As a compassionate advocate, Herb Adams deserves to represent District 119; please vote for him Nov. 6.

Rep. Anne Haskell, D-Portland

District 117 (part of Portland)

Email misleads voters on Platts’ Question 1 stance 

On Oct. 12, EqualityMaine sent out a very misleading email to its support base. The email started out saying that EQME is excited to let me know who the pro-marriage equality candidates are for both the Maine House and Maine Senate in my district.

But the email did not tell me that. The email said that EQME makes no endorsement for House District 119, as all the candidates running for State House support marriage equality.

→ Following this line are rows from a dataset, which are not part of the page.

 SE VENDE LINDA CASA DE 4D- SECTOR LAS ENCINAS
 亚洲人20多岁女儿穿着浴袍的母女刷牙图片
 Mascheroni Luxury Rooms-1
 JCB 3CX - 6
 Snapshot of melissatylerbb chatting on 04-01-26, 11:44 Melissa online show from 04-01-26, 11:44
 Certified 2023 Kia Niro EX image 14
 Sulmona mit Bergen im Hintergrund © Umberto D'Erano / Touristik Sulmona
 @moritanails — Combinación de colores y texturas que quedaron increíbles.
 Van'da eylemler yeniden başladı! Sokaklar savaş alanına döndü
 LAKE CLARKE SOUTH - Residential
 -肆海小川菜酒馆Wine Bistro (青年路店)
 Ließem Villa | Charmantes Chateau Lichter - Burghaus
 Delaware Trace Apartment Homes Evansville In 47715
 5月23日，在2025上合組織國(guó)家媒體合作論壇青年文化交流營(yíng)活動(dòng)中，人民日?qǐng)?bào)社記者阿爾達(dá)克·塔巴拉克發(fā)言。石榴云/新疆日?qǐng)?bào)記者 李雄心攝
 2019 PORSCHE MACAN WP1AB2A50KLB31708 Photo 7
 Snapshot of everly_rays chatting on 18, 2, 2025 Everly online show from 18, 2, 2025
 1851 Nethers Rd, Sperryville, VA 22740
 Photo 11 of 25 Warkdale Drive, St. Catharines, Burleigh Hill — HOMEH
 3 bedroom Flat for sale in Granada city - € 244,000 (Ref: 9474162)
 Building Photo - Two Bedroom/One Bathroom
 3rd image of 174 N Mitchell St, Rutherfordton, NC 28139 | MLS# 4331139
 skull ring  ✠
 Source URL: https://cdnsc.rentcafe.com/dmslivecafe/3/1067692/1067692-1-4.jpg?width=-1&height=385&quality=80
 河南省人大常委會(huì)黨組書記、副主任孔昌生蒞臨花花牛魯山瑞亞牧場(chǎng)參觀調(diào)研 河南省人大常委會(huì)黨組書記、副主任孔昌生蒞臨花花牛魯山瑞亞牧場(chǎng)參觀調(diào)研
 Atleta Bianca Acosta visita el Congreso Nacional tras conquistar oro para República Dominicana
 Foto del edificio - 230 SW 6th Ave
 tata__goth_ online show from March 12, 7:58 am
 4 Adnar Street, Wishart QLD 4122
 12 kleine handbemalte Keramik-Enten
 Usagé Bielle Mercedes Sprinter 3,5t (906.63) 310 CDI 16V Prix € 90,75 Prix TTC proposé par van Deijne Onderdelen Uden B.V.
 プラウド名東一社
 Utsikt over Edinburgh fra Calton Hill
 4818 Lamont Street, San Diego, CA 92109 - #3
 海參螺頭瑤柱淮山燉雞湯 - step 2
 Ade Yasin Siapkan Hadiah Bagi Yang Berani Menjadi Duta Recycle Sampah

Yet the email did endorse Justin Alfond for state Senate, and it failed to mention Green Party candidate Asher Platts.

This omission implies that Asher Platts does not support marriage equality – which is not the case. Asher Platts is a friend of mine. He enthusiastically worked on EQME’s “No on 1” campaign in 2009 and supports marriage equality just as enthusiastically today.

I am disappointed in EQME because that email makes it seem like EQME is putting partisan favoritism before the issues that we both support.